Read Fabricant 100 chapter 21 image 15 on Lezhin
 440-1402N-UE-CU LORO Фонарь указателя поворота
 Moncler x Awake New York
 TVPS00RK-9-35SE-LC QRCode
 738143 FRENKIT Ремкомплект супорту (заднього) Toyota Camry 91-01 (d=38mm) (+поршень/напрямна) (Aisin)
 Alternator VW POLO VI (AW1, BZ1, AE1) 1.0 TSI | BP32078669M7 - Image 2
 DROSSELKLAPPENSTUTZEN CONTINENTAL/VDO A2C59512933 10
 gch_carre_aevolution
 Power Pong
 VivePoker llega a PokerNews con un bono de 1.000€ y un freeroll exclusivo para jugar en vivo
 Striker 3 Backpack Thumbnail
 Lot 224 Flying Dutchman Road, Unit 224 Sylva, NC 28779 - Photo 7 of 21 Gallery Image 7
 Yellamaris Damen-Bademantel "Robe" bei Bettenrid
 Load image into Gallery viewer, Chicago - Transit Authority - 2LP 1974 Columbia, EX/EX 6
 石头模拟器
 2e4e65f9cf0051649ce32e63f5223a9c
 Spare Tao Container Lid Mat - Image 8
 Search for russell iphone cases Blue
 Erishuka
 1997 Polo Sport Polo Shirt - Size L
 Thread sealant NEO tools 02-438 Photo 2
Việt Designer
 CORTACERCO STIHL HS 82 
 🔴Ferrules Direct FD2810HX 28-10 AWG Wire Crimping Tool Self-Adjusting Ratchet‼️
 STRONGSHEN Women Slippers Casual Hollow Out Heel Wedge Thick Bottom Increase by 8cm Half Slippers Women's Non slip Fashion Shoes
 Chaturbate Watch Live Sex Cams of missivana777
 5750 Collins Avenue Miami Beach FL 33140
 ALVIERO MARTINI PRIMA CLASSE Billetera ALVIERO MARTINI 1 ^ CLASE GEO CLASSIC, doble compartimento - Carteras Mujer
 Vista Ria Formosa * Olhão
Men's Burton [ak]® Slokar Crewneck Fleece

********************

GOAL OF THE EXERCISE: Reproduce the data in full, exactly.

THE ANSWER:
Read Fabricant 100 chapter 21 image 15 on Lezhin
 440-1402N-UE-CU LORO Фонарь указателя поворота
 Moncler x Awake New York
 TVPS00RK-9-35SE-LC QRCode
 738143 FRENKIT Ремкомплект супорту (заднього) Toyota Camry 91-01 (d=38mm) (+поршень/напрямна) (Aisin)
 Alternator VW POLO VI (AW1, BZ1, AE1) 1.0 TSI | BP32078669M7 - Image 2
 DROSSELKLAPPENSTUTZEN CONTINENTAL/VDO A2C59512933 10
 gch_carre_aevolution
 Power Pong
 VivePoker llega a PokerNews con un bono de 1.000€ y un freeroll exclusivo para jugar en vivo
 Striker 3 Backpack Thumbnail
 Lot 224 Flying Dutchman Road, Unit 224 Sylva, NC 28779 - Photo 7 of 21 Gallery Image 7
 Yellamaris Damen-Bademantel "Robe" bei Bettenrid
 Load image into Gallery viewer, Chicago - Transit Authority - 2LP 1974 Columbia, EX/EX 6
 石头模拟器
 2e4e65f9cf0051649ce32e63f5223a9c
 Spare Tao Container Lid Mat - Image 8
 Search for russell iphone cases Blue
 Erishuka
 1997 Polo Sport Polo Shirt - Size L
 Thread sealant NEO tools 02-438 Photo 2
Việt Designer
 CORTACERCO STIHL HS 82 
 🔴Ferrules Direct FD2810HX 28-10 AWG Wire Crimping Tool Self-Adjusting Ratchet‼️
 STRONGSHEN Women Slippers Casual Hollow Out Heel Wedge Thick Bottom Increase by 8cm Half Slippers Women's Non slip Fashion Shoes
 Chaturbate Watch Live Sex Cams of missivana777
 5750 Collins Avenue Miami Beach FL 33140
 ALVIERO MARTINI PRIMA CLASSE Billetera ALVIERO MARTINI 1 ^ CLASE GEO CLASSIC, doble compartimento - Carteras Mujer
 Vista Ria Formosa * Olhão
Men's Burton [ak]® Slokar Crewneck Fleece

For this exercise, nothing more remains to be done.